Podcast Breakdown: Episode 55

To listen to the podcast episode where we discussed the hand, click here.

To recap the hand: 

Stake: 5/10/20

Villain (2100) opens to 70 UTG+1, Hero (2900) calls in HJ with TJcc, folds around.

Flop (175) Qc5c8s Villain Checks, Hero bets 135, Villain raises to 425, Hero 3bets all-in, Villain calls.

Let's start with UTG+1's opening range:

Image from PokerCruncher Expert for Mac

Image from PokerCruncher Expert for Mac

Based on Tricia Cardner's explanation of the player, his range in early position isn't going to be too out of line, but likely a little bit looser than optimal in a tougher 5/10 game, so I gave him 12.5% of hands with the hands on the margins being weaker suited aces, and midding suited connectors and suited one gappers.

Our hero calls on the button with JTcc and she sees the flop heads up. When the flop comes Qc5c8s and the hero is checked to, she has a very clear bet - she has no showdown value and significant equity  against the villain's checking range. Once villain makes a fairly large checkraise, here is where things get interesting.  
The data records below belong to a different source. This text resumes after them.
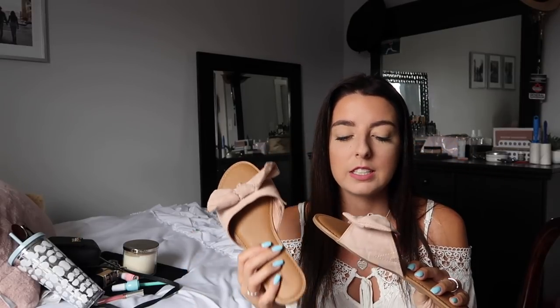Now for fashion favorites! These sandals are the perfect summer sandal — so cute with little bow detailing and a blush color. Everything about them just screams fun to me. They're really easy to pair with any outfit. I got them from Old Navy and I'll try to link them below. They're an awesome summer sandal — just a super easy slide.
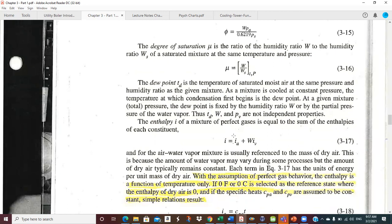Dew point: the temperature of saturated moisture at the same pressure and humidity ratio as the given mixture. More intuitively — if you start cooling a moist air mixture at constant pressure, the dew point is the temperature at which condensation first begins and liquid water starts to appear.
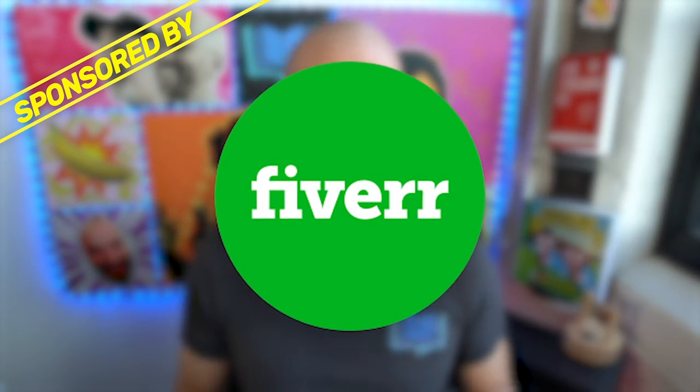Of course the sponsor of this video is Fiverr, but I want to let you know ahead of time they didn't coerce me at all into picking specific gigs. I wanted to find people that had good reviews, a great history, and a decent price point that I could afford and you could afford as well.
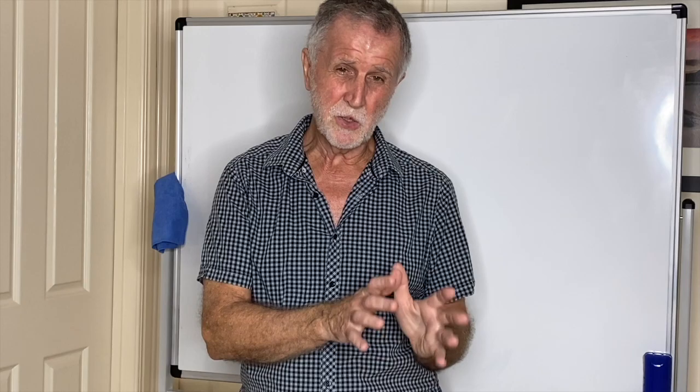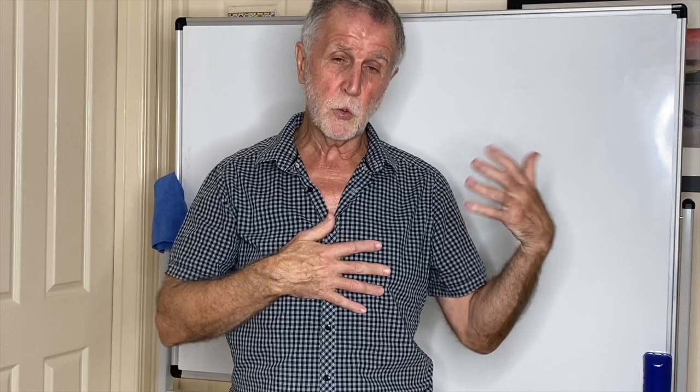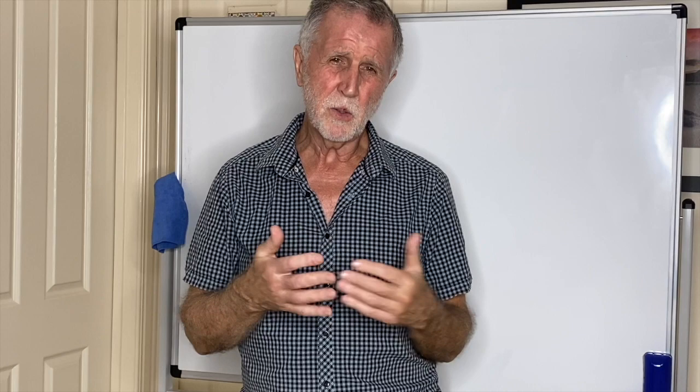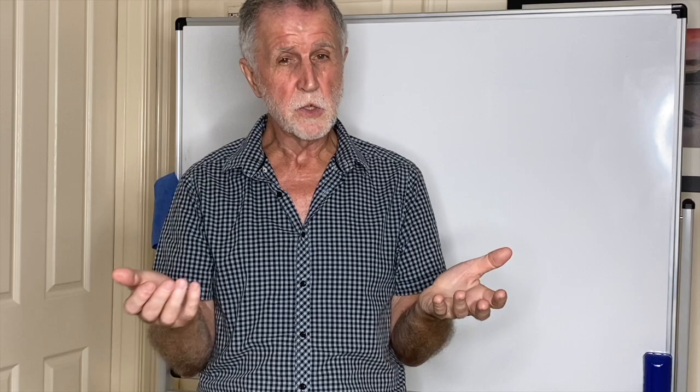I'm not going to say too much about it, because honestly I don't think you're going to get a single question on it. There are some questions in my question-and-answer booklet, but last year they didn't ask a single question on it in the exams. It's almost like a tagged-on topic — interesting, but it doesn't lend itself very easily to exam questions.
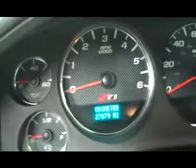Real nice leather interior, power front seats, WeatherTech all-weather mats, clean carpet floor, power mirrors, windows and locks, cruise control on the steering wheel. Vehicle has 27,079 miles.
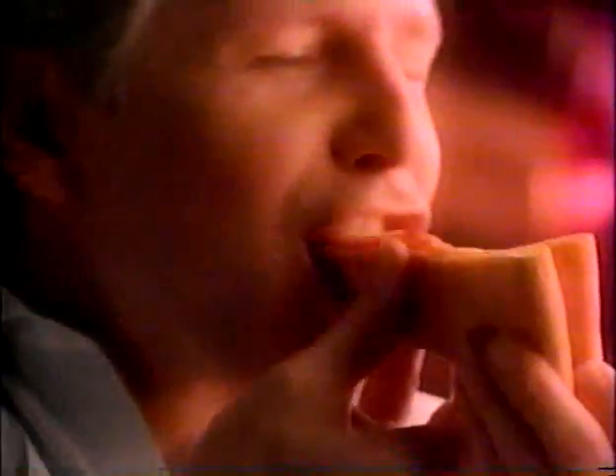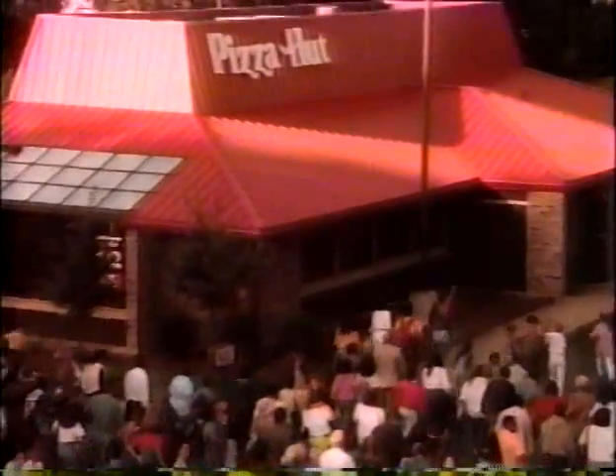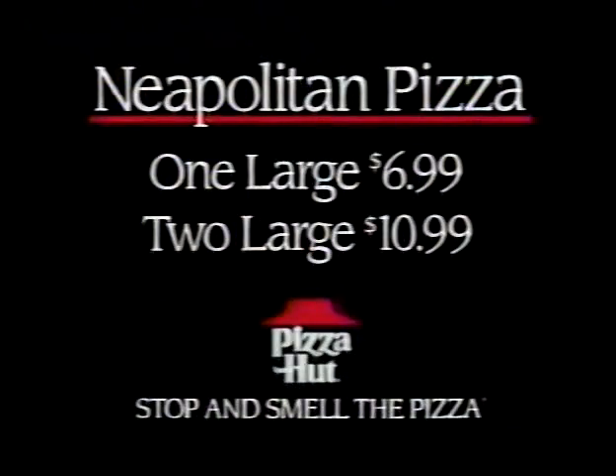Made with an old-fashioned tomato sauce, mouth-watering mozzarella, and a deliciously thin crust. So try a large Neapolitan pizza for $6.99. It's a new old-fashioned reason to stop and smell the pizza. One large $6.99, or two for $10.99.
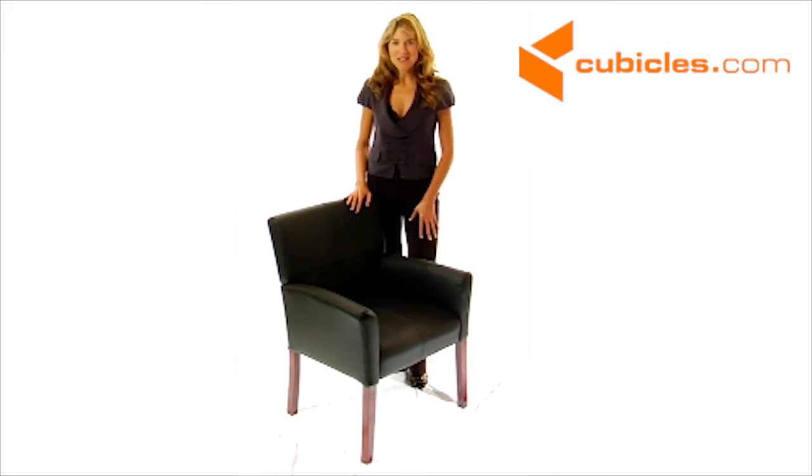If you want to give the best first impression at a cost that's right for any budget, make it the Executive Leather Side Chair.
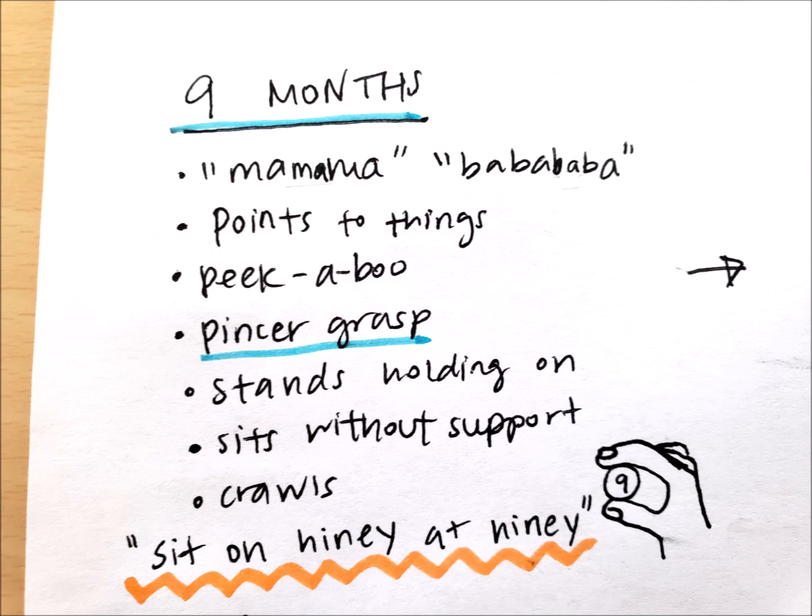Nine months feels very intuitive after six months. Language is progressing — kids are starting to say things like 'mama' and 'baba,' they're pointing to things, and playing peek-a-boo. One of the biggest fine motor milestones is the pincer grasp, which is why I drew a little hand holding the number nine ball for nine months. Kids at nine months are sitting without support entirely, starting to crawl, and able to stand while holding onto furniture — leading to furniture cruising. My rhyme: kids sit on their hiney at ninety.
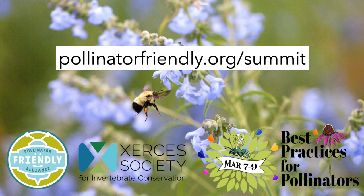Welcome! The following presentation was recorded at the annual Best Practices for Pollinators Summit hosted by Pollinator-Friendly Alliance and the Xerces Society. Please consider participating in the annual summit next year. You can find more about the summit at pollinatorfriendly.org.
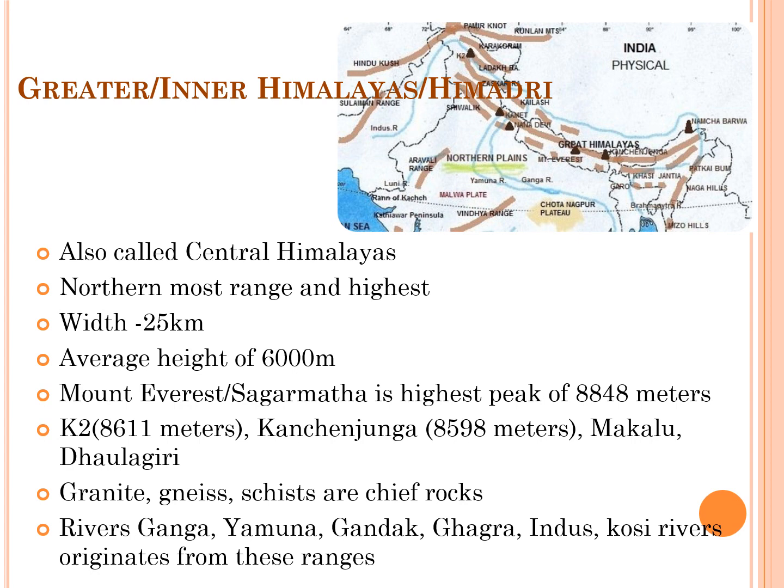Rivers Ganga, Yamuna, Gandak, Ghaghra, Indus, and Kosi originate from these ranges.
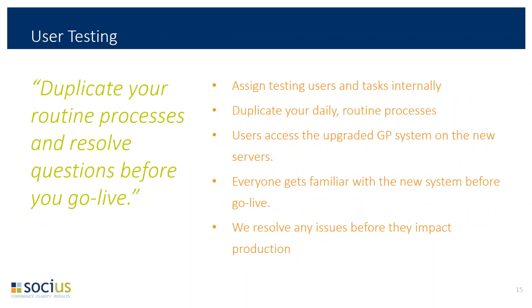User testing is where your average GP user comes in. The idea is to duplicate your routine processes and resolve questions before you go live. You'll want to run your reports and post some test transactions. If you can't find a window or shortcut you're used to, this is where you ask us. If something isn't working correctly, we can fix it in the test environment. The goal is that you'll be familiar with GP 2016 before you ever migrate to it for production, making go-live a non-event.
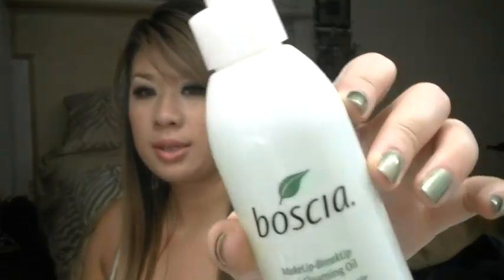Before I cleanse my face, before I go to bed or shower or whatever, I do like to use cleansing towelettes. These are Pond's wet cleansing towelettes — they have vitamin E. I just go in with this first. Pond's is my favorite. Then I usually wash my face in the shower because I shower at night. Even if I'm just washing my face over the sink, this is the routine I do. I'll go in with Boshia's Makeup Breakup Cool Cleansing Oil.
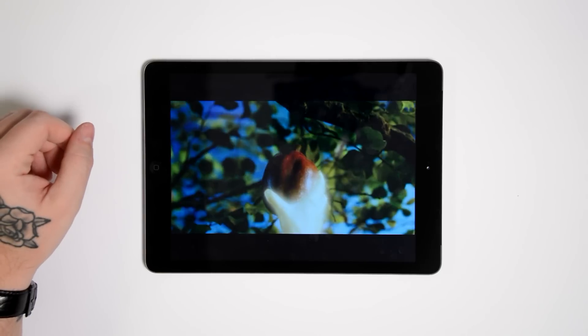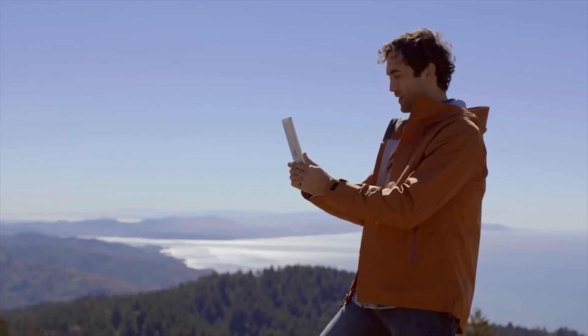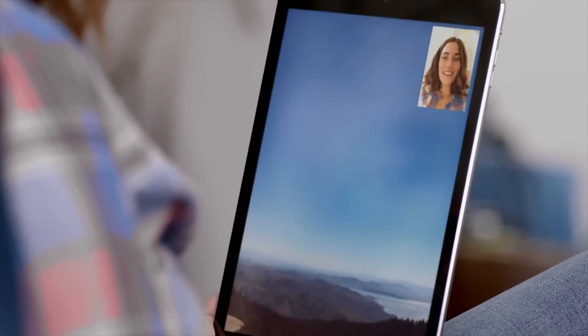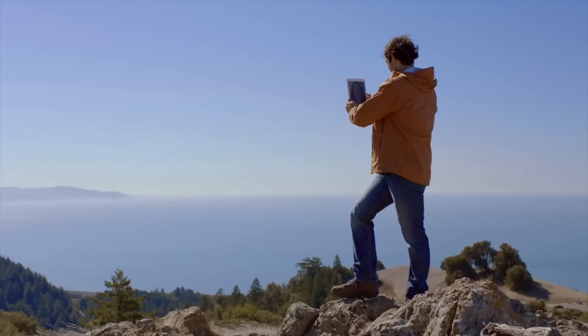The new iOS 7 camera as seen on the iPhone 5s, with features like slow motion and burst mode, is not available on the iPad Air nor the iPad Mini with Retina display. It's clear that the camera on the iPad itself is not a big point of focus for Apple, seeing as most of their users probably use it for Skype or FaceTime calls.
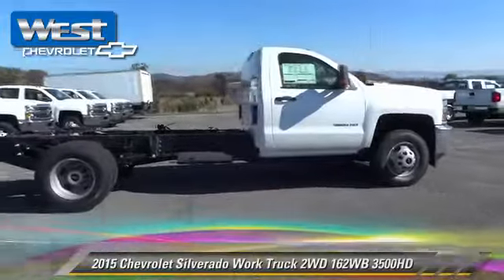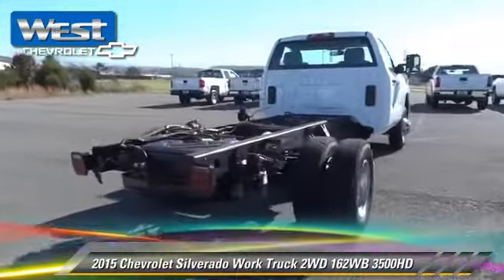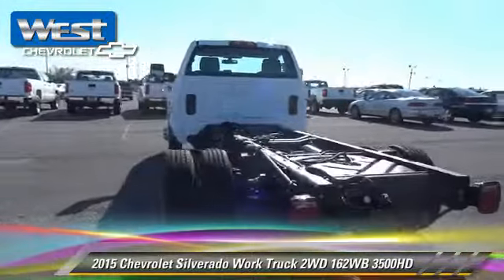This is a pickup truck, powered by a 6-liter V8 engine. With an automatic transmission, this vehicle is well equipped.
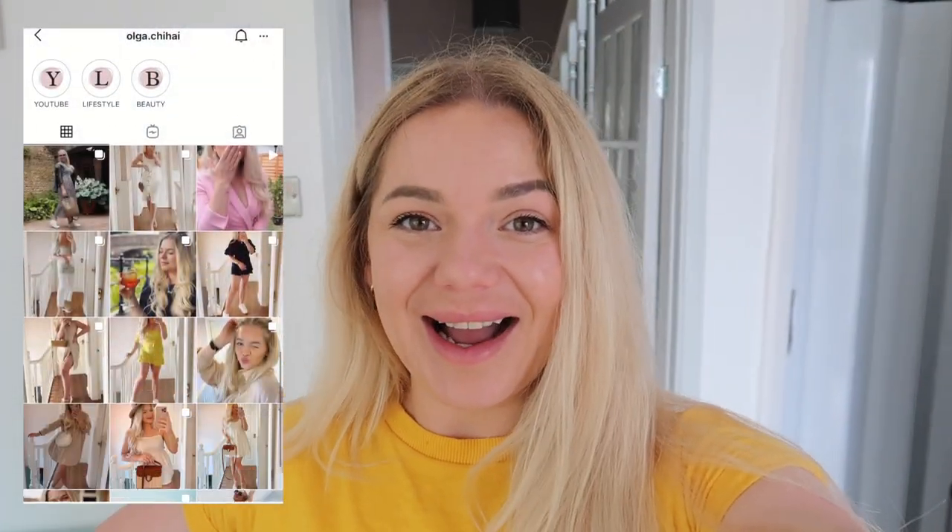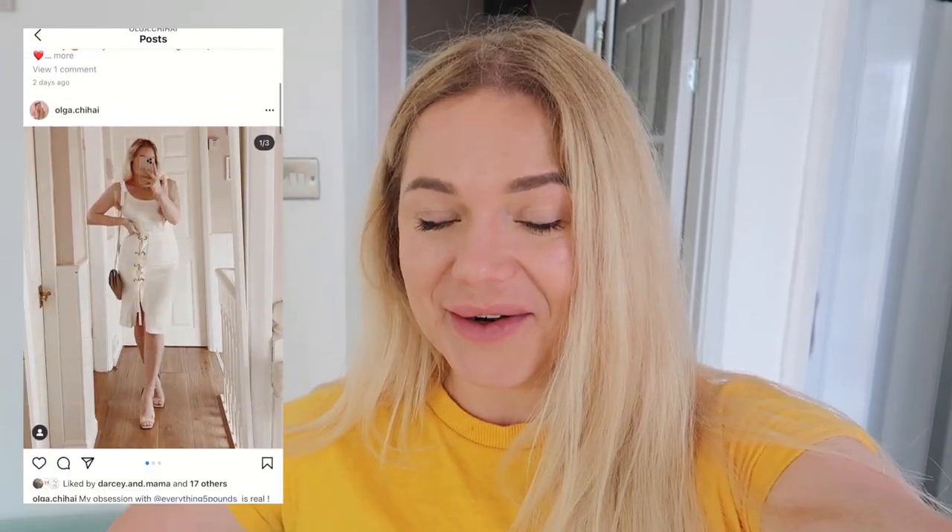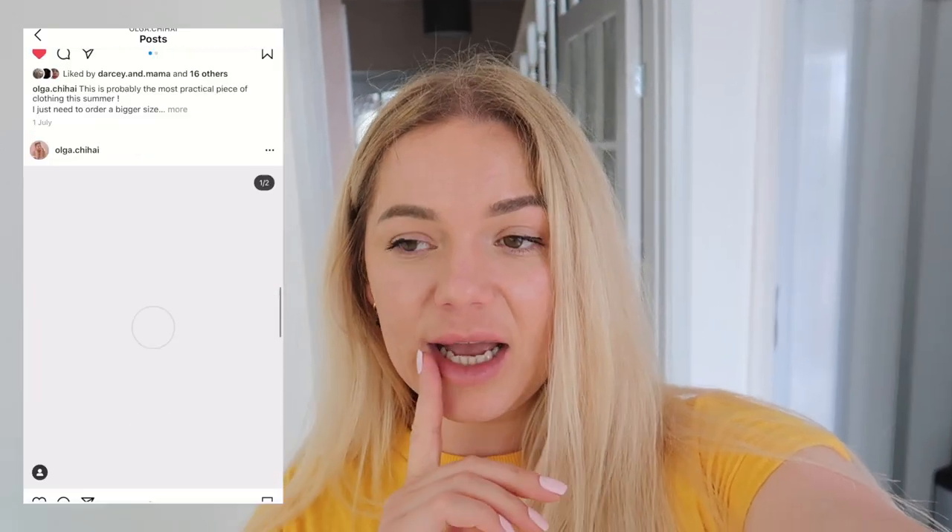Hello and welcome to my channel. If you are new here, my name is Olga, and today I'm coming in with another video about my lips. If you've been here for a while, you probably watched me getting my lips done. I did the Russian technique and today I'm going to get my top lip dissolved.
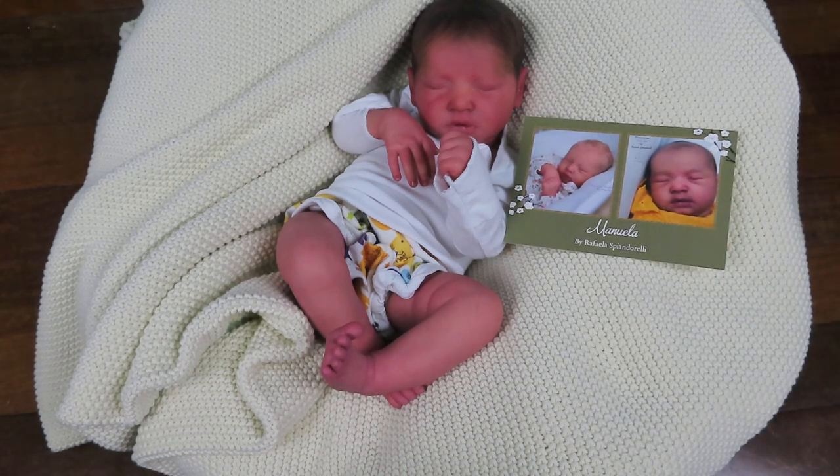So yeah, if you guys are interested in a beautiful little Manuela, go check him out over on the website. As a reminder, Patreon had access to this baby for about a week and a half, and they knew about it beforehand too.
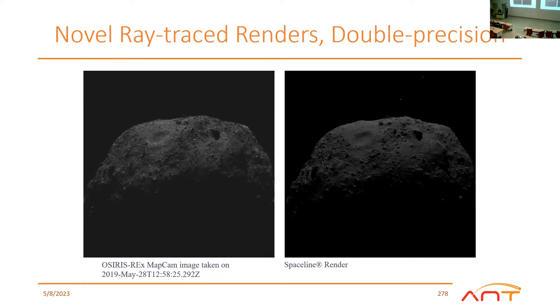For image simulation, thanks to great work from Chris Becker, we're able to show on the left the actual image collected by MapCam on the 28th of May, and on the right, using the reconstructed kernel set from NAIF, we passed that through our double-precision ray tracer. Except for the fact that NAIF doesn't know about surface maps, they are the exact same image. Things like surface maps where albedo effects may be included are one of the things we're working on with the science server.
When talking to Dr. Cardner about what the villain's check raising range looks like, she noted that several times throughout the session he has done so with middle pair type hands. So when constructing the villain's checkraising range, I left in many more combos than I ordinarily would assign.

Note the new feature in PokerCruncher, the ability to have weighted combos of individual hands. For example, I gave villain 50% weight of his combo of AKcc.

Against the range above, even accounted for some slowplayed sets, JTcc has 56% equity. So as a starting point, shoving is profitable even if the villain calls the shove with his entire range.

Given the $735 already in the pot though, if Hero shoves it's a much better outcome to simply win the pot now and get hands with a ton of equity to fold, even if she's ahead of some of his middling pairs when called. On the podcast Jack and I thought this would be a pretty clear spot to shove because no matter what, the play is somewhat profitable, and if the villain is checkraise folding most of their middling pairs, then this becomes an even more profitable play.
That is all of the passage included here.